David Hirata's play is now called 'A Box Without A Bottom'
Berkleyside reports that a Japanese American playwright has changed the name of his play after complaints that the name contained a racist slur.
Originally titled The Jap Box, David Hirata’s play was criticised by board members of the Berkley chapter of the Japanese American Citizens League (JACL).
The play is being held at The Marsh Berkeley in Berkley, California.
In a letter from the JACL to Hirata, the organisation said the play’s title “revives a hateful racist slur that causes deep pain for us and recalls a tragic period within the living memory of our community, when 120,000 Japanese Americans were torn from their homes during WWII because of racial hatred, war hysteria and greed.

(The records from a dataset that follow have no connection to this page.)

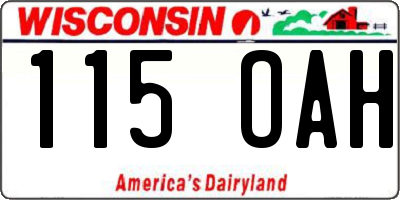 WI license plate 115OAH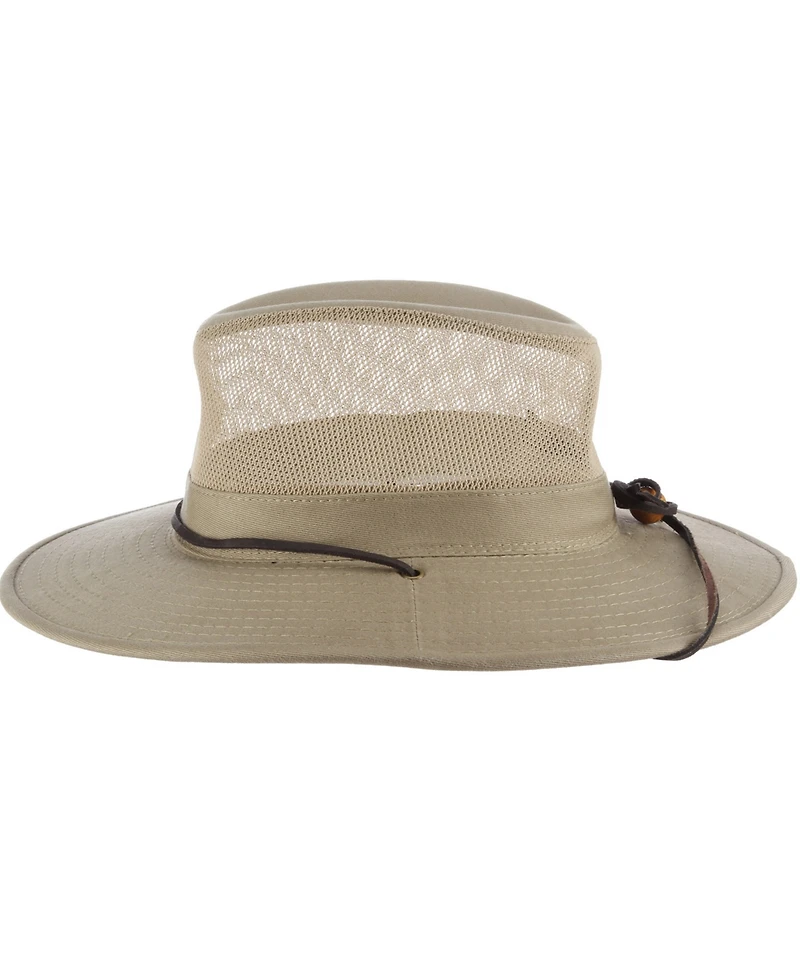 Dorfman Pacific Men's Brushed Twill Mesh Safari Hat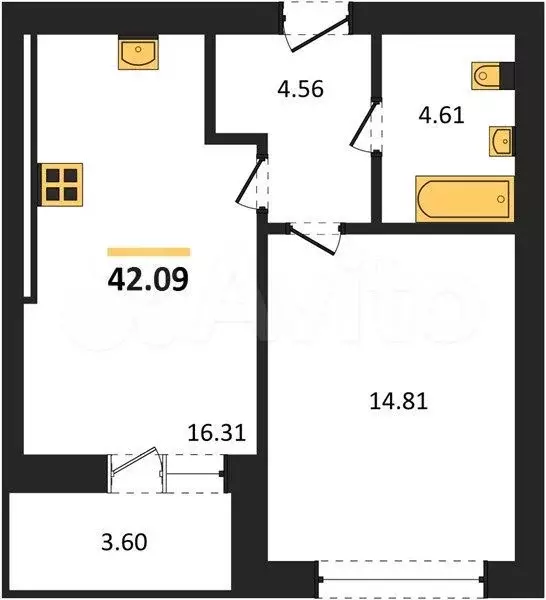 1-к. квартира, 42,1 м, 3/9 эт. - Фото 1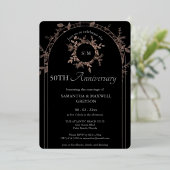 Invitation En Aluminium Luxe Black 50th Silver Mariage Anniversaire (Debout devant)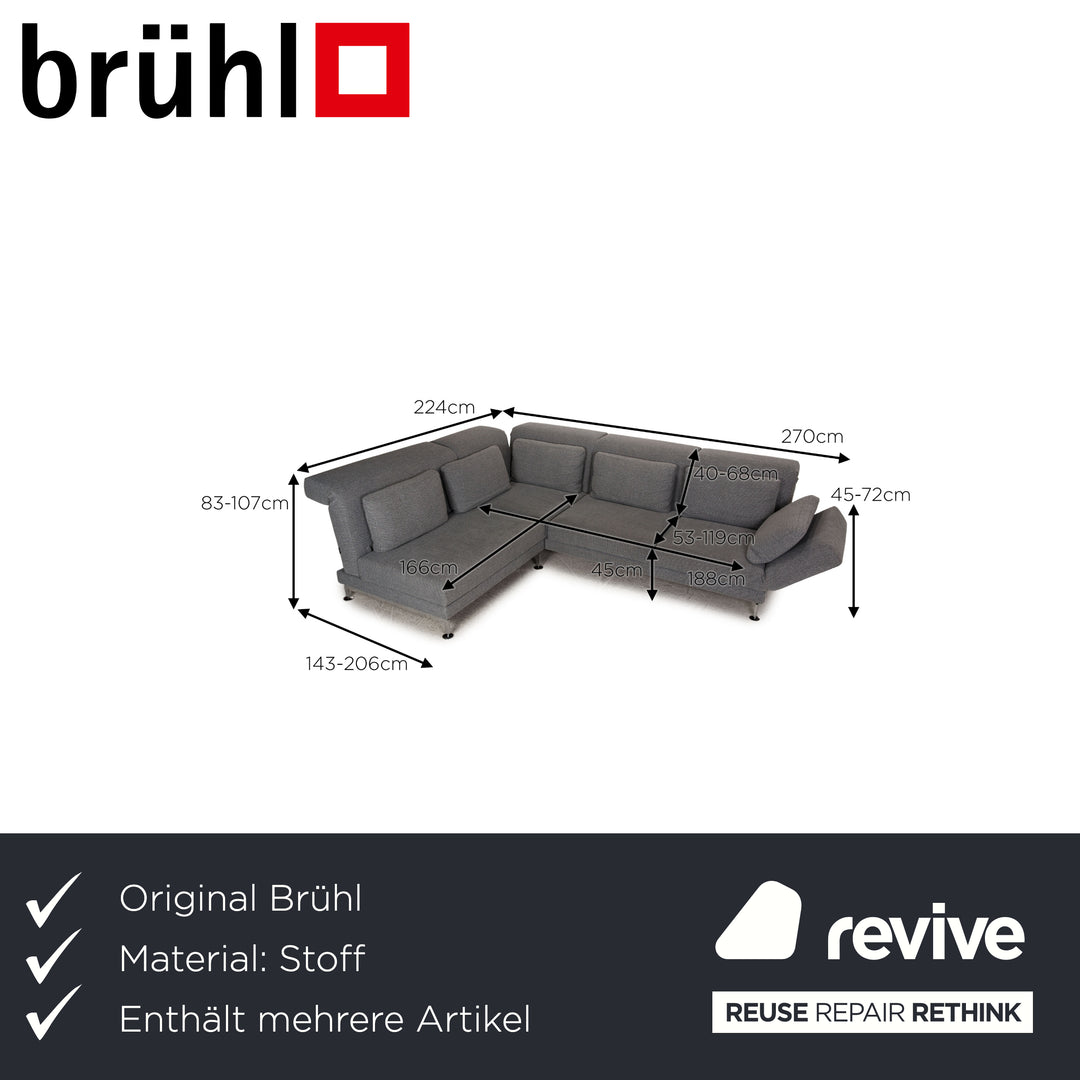 Brühl & Sippold Moule Stoff Sofa Garnitur Grau Ecksofa Hocker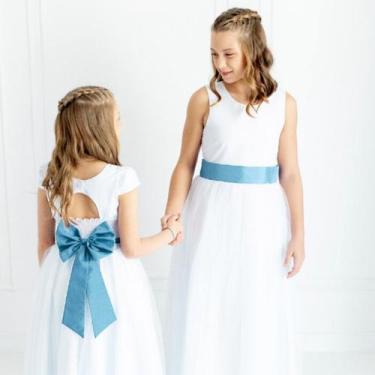 Imagem de Faixa e Laço AZUL Infantil Prega Acessório Para Vestido Festa elegânci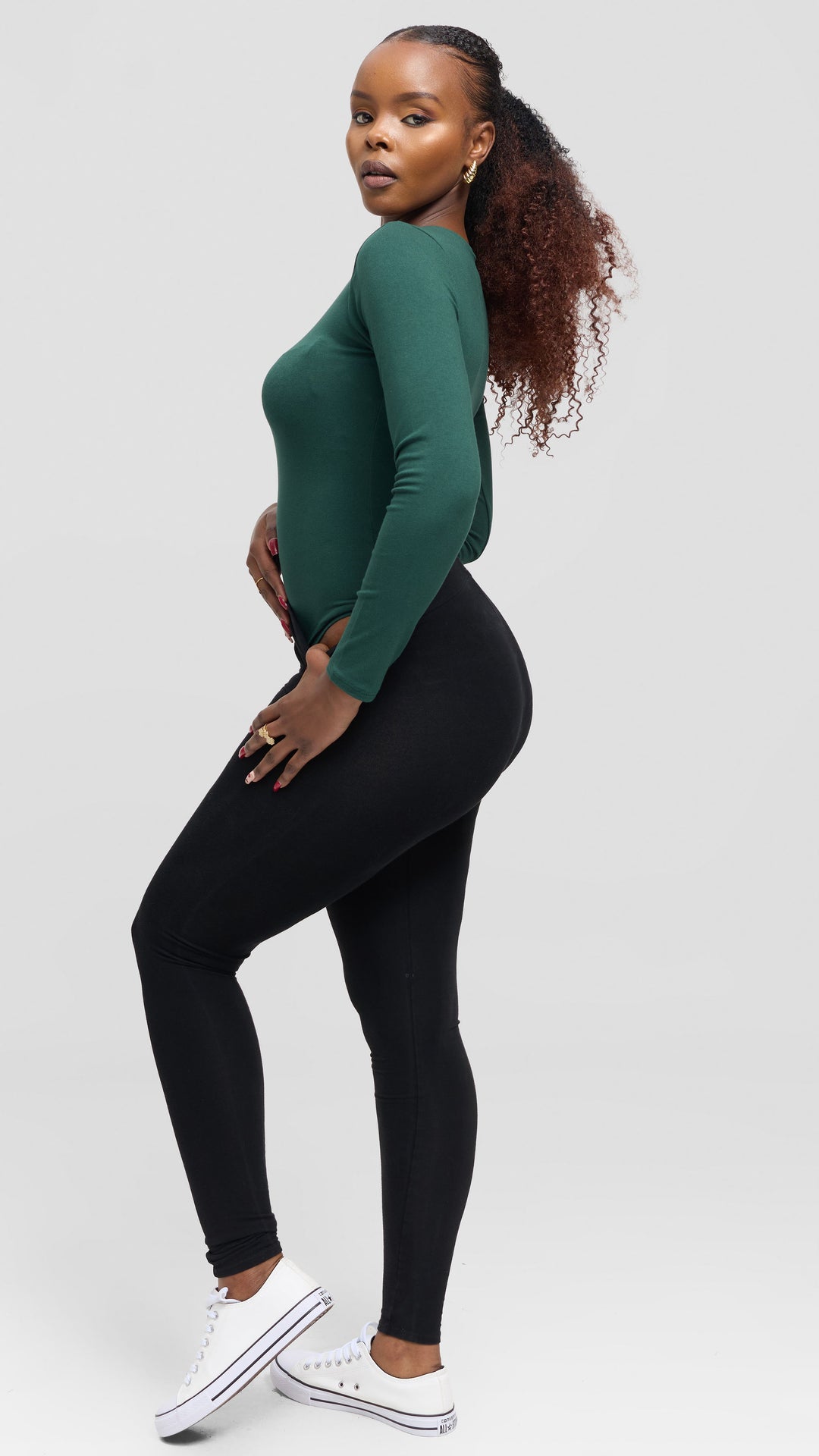 Vivo Basic Long Sleeved Bodysuit in Jersey - Dark Green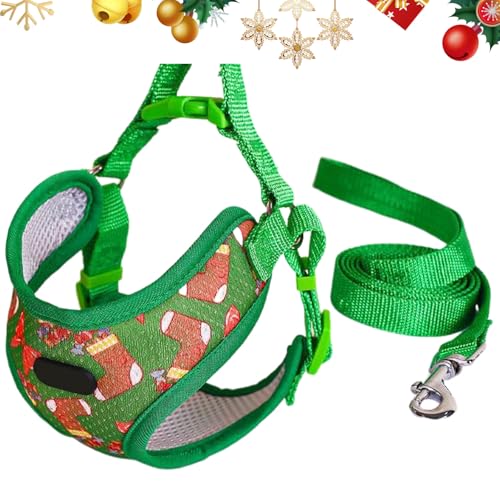 Weihnachten Hundegeschirr mit Leine Set,Einstellbares Mitili Mehrzweck Hundegeschirr,Anti Zug Weihnachts-Hundegeschirr Leine,Mesh Brustgeschirr für Kleine Mittlere Hunde, Haustiere,Katzen von FILOEEX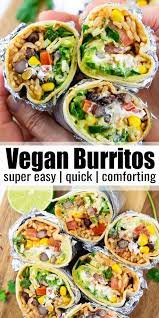 Vegan Burritos Vegan Lunch Recipes Vegan Recipes Healthy Vegan Dinner Recipes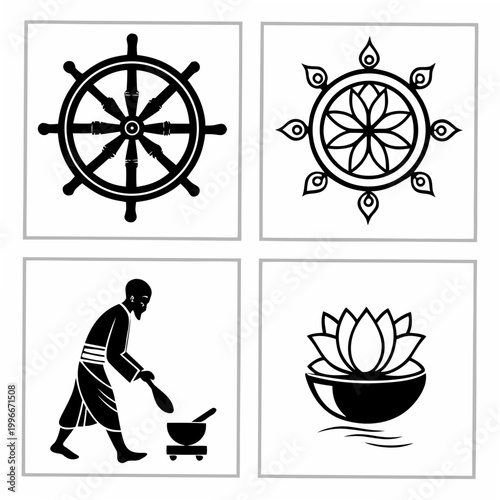 buddhist symbols and a person meditating or working Vector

“We were put behind barbed wire and guarded by armed sentries for years.”
The letter highlights that 1,300 first- and second-generation Japanese and Japanese Americans from Berkeley were forced out of their homes in WWII.

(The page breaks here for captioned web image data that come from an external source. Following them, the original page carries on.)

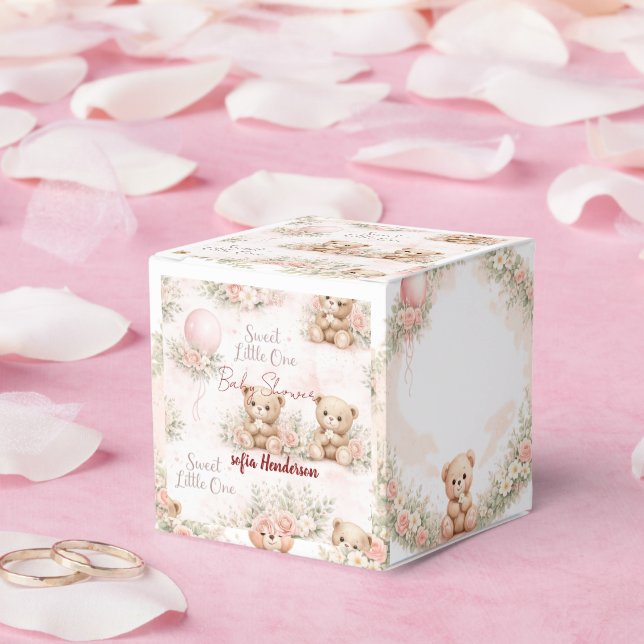 blush floral teddy bear pink favour box (Wedding)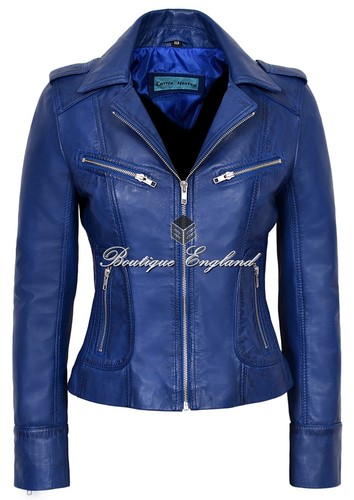 Ladies leather jacket blue - leather,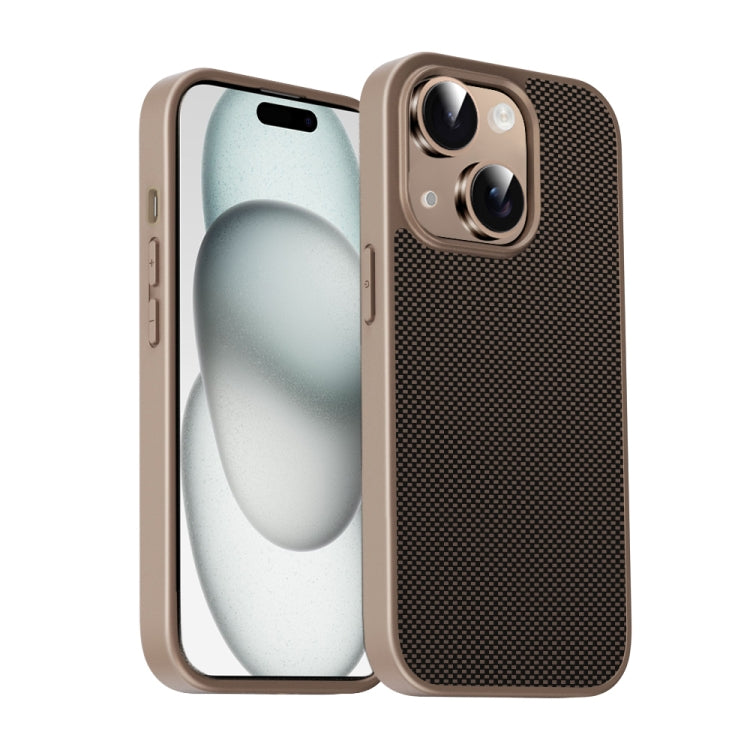 Funda para Teléfono TPU + PC Serie Pita para iPhone 15 Plus (Dorada)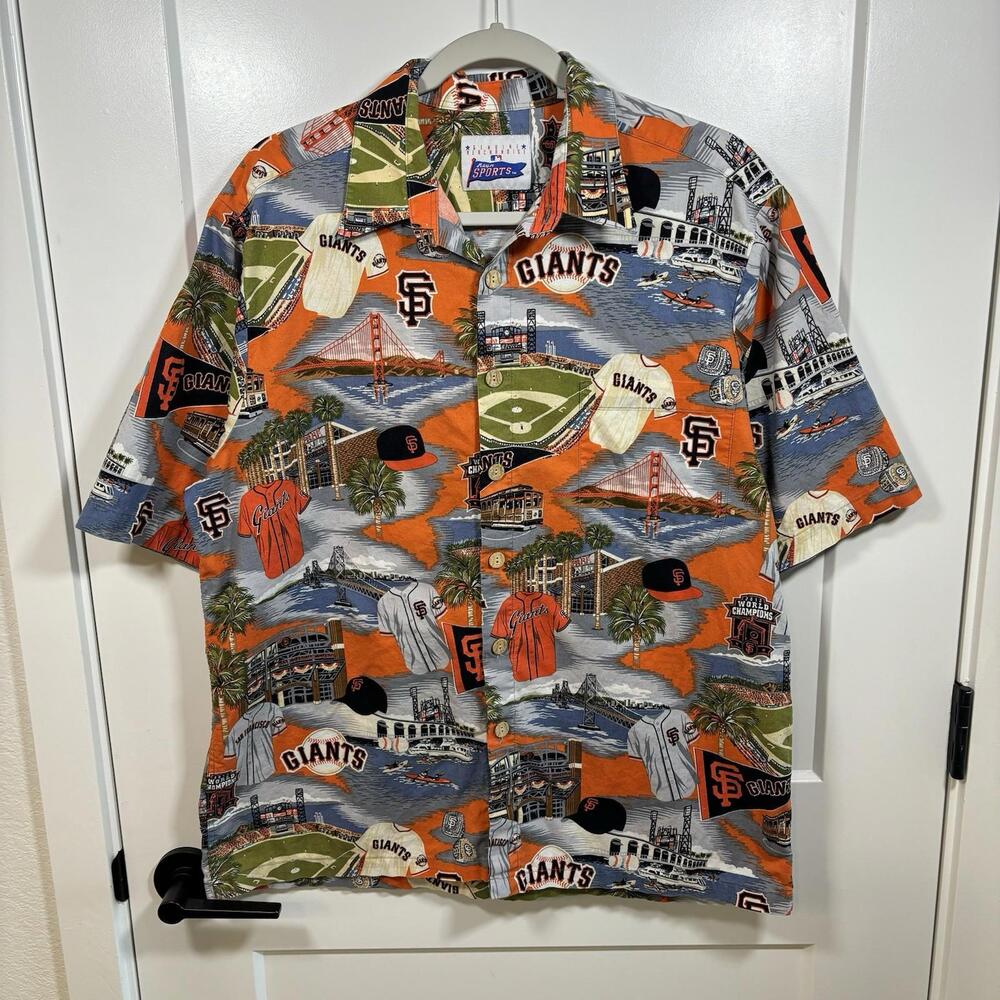 Men’s Reyn Spooner SF Giants MLB Hawaiian Shirt Size L Novelty Print Flaw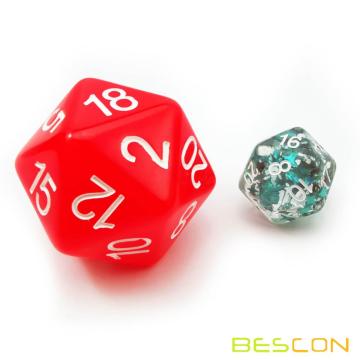 Bescon Jumbo Glowing D20 38MM, большой размер, 20 сторон, красный кубик, светящийся в темноте, большой 20 граней, куб 1,5 дюйма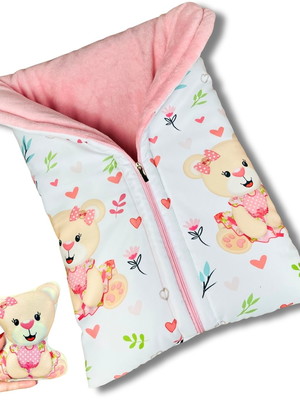 Saco de dormir bebê com zíper ursinha + almofadinha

“These Berkeleyans lost their businesses, homes, life savings, their basic human dignity,” reads the letter. “Their education was interrupted, their friendships and community relationships were halted.”
“The word “Jap” is at the epicenter of this experience because it was used not only as a racist epithet by strangers, but in newspapers and by the government itself during this horrific time,” the letter read.
Hirata apologised for the play’s title and issued an apology on the Marsh Berkley’s website.
His play has since been renamed to A Box Without a Bottom, which refers to a Japanese magic prop -Soko-nashi Bako AKA the bottomless box.
“I deeply regret the pain that my choice has caused,” Hirata wrote. “Though I have a real connection with the account of the Soko-nashi Bako, the raw pain of the “J word” is not my story to tell. The pain caused in the Japanese-American community by the title was real and something I regret. I felt that making a title change with my apologies was the appropriate action.”
The play tells the story of Japanese magician Namigoro Sumidagawa, who was the first Japanese citizen to leave the country in over 200 years. In 1886 Sumidagawa came to the U.S. as part of the “Imperial Japanese Troupe,” and “dazzled audiences across Victorian America with his exotic stage magic and became a media celebrity.”
Hirata stars himself in the play and portrays three magicians: himself, Sumidagawa and the American magician Wellington Tobias.